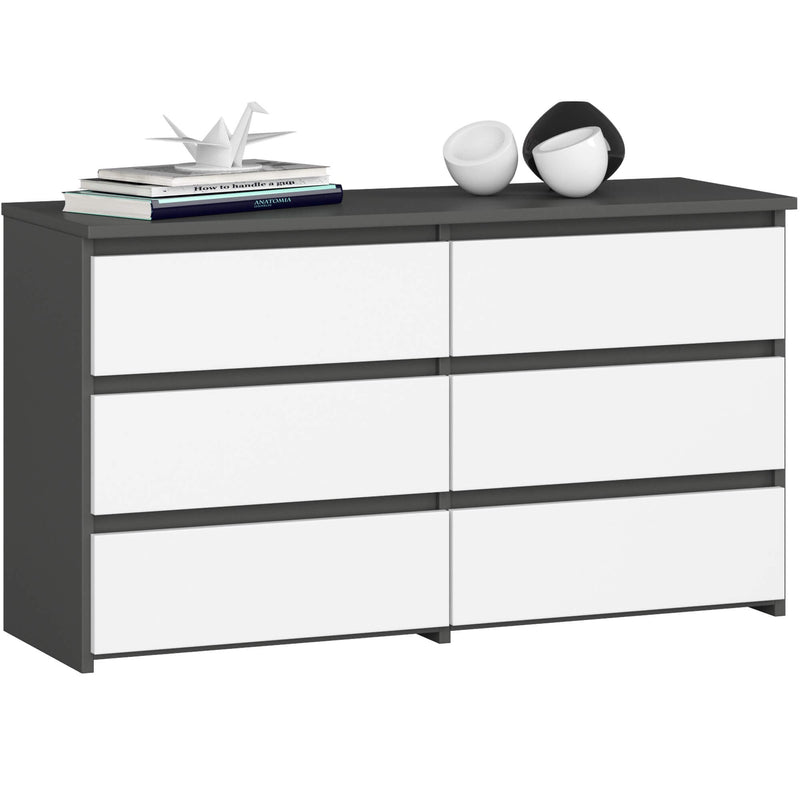 Kommode CL100, 6-teilig, grau/weiß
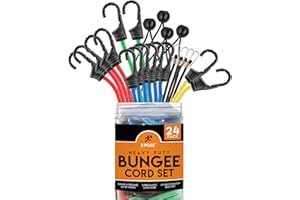 XPOSE SAFETY Heavy Duty 24pc Bungee Cord Set with Hooks, Canopy Ties, Luggage Net & Organizer Bag - Assorted Sizes (18", 24", 32", 40") for Outdoor, Bike Racks, Motorcycles
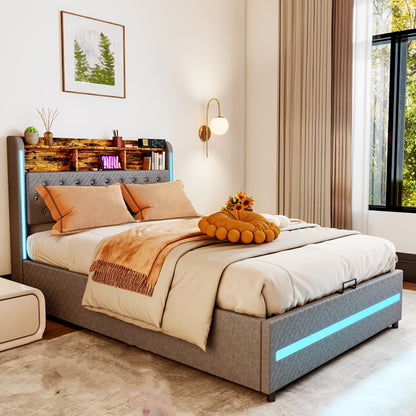 Modern Upholstered Double Bed Frame with Hydraulic Storage & LED Headboard - Lift-Up Platform Bed Suitable for Small Spaces, Grey Bed 140x200cm, Easy Assembly (No Mattress Included)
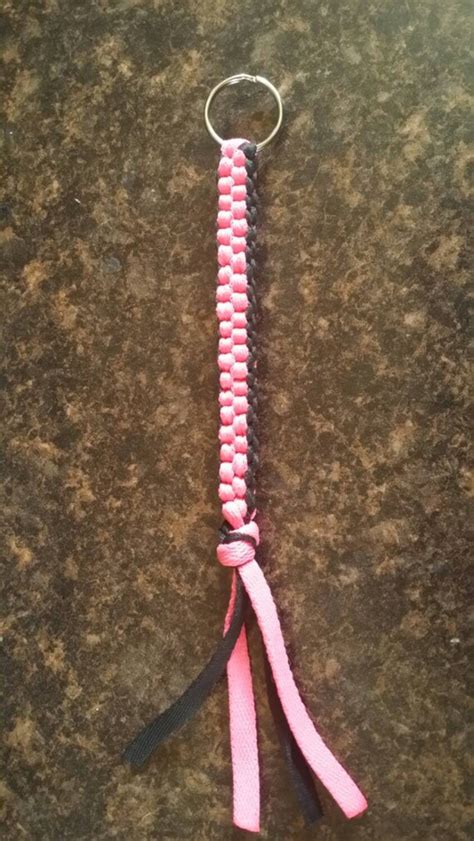 Items Similar To Upcycled Shoelace Keychain Pink And Black Square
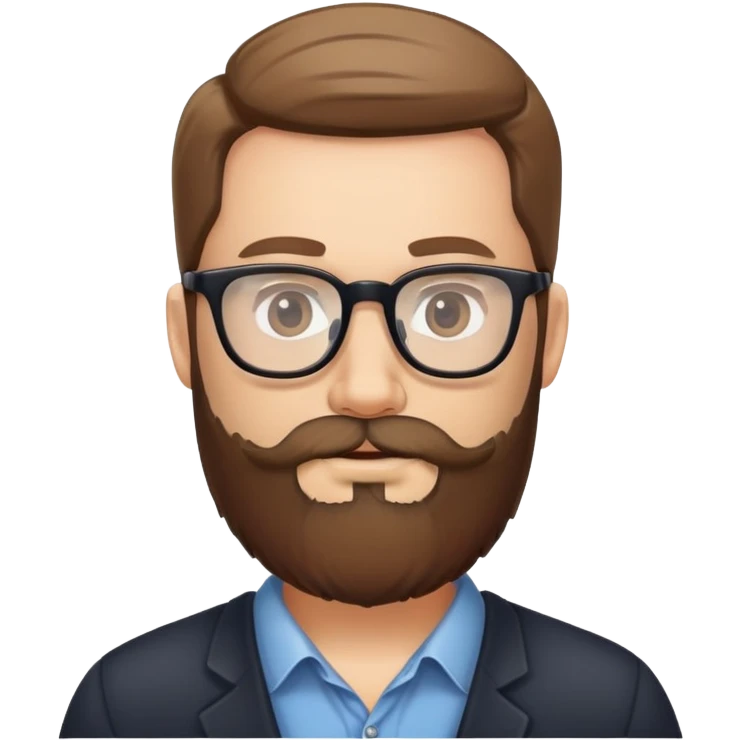 Full beard and glasses emoji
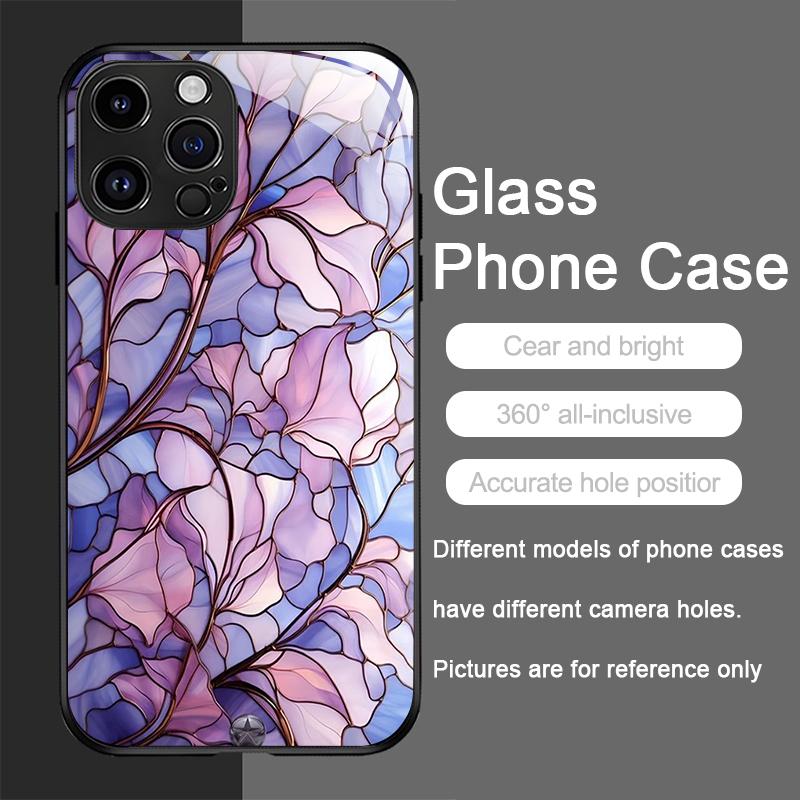 Flower Marble Texture Tempered Glass Phone Case for IPhone 16 Pro Max 16e 15 14 13 12 Mini 11 X XS XR 7 8 14 Plus Abstract Cover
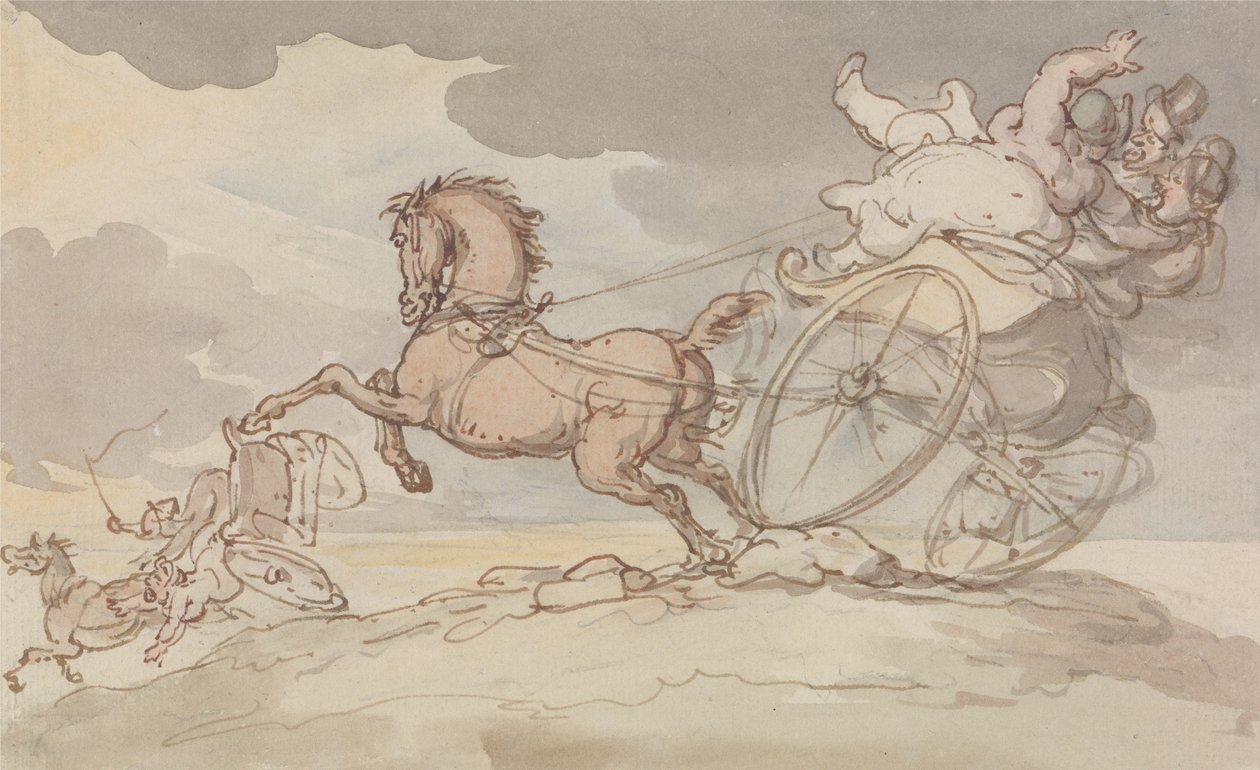 Deux calèches en difficulté - Thomas Rowlandson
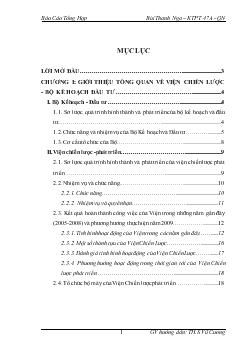 Báo cáo thực tập tổng hợp tại Viện Chiến Lược – Bộ Kế hoạch đầu tư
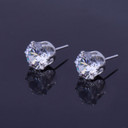 6mm / 8mm 3A CZ Round Stud Iced Push Back Hip Hop Classic Earrings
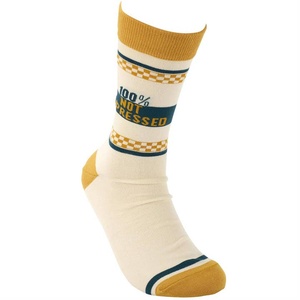 Logo de texte personnalisé Chaussettes en coton à carreaux pour hommes et femmes Streetwear rayé Certifié BSCI Chaussettes décontractées quotidiennes - Product Image 1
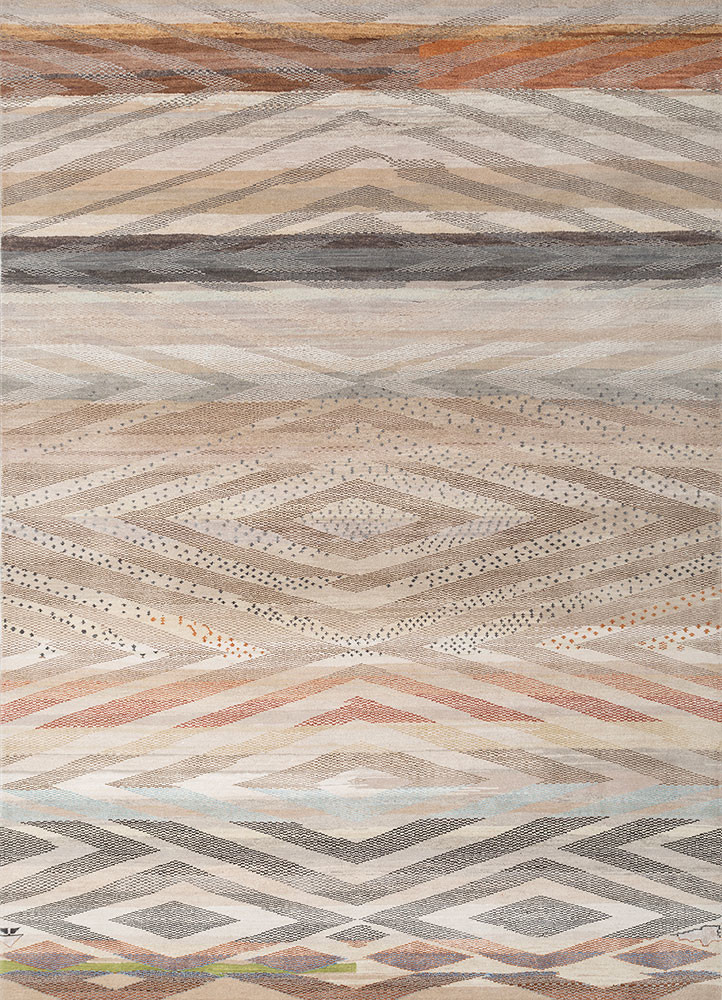 manchaha grey and black wool and bamboo silk hand knotted Rug
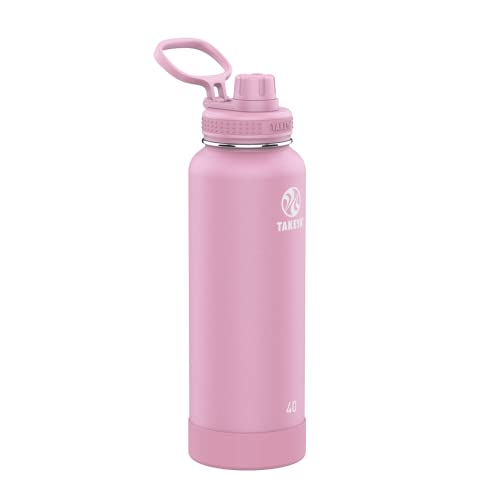 Takeya Actives Water Bottle with Spout Lid - Bottle with Double Stainless Steel Insulation - Dishwasher Safe & BPA-Free - Bottle with Spout Lid & Removable Bumper - 40 oz, Pink Lavender 40 Ounces
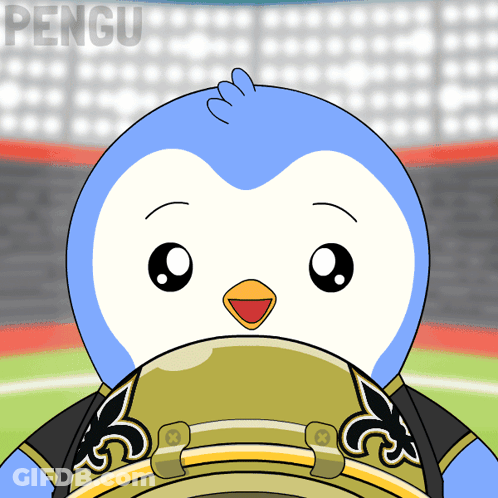 Blue And White Penguin With Word Pengu GIF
◇ ◇ ◇ ◇ ◇ ◇ ◇
Having found the line with "XPOSE SAFETY Heavy" and the line with "Full beard and glasses emoji" in the material above, write out exactly those two and every line between, leaving the pictures out.

 XPOSE SAFETY Heavy Duty 24pc Bungee Cord Set with Hooks, Canopy Ties, Luggage Net & Organizer Bag - Assorted Sizes (18", 24", 32", 40") for Outdoor, Bike Racks, Motorcycles
 Modern Upholstered Double Bed Frame with Hydraulic Storage & LED Headboard - Lift-Up Platform Bed Suitable for Small Spaces, Grey Bed 140x200cm, Easy Assembly (No Mattress Included)
 Items Similar To Upcycled Shoelace Keychain Pink And Black Square
 Full beard and glasses emoji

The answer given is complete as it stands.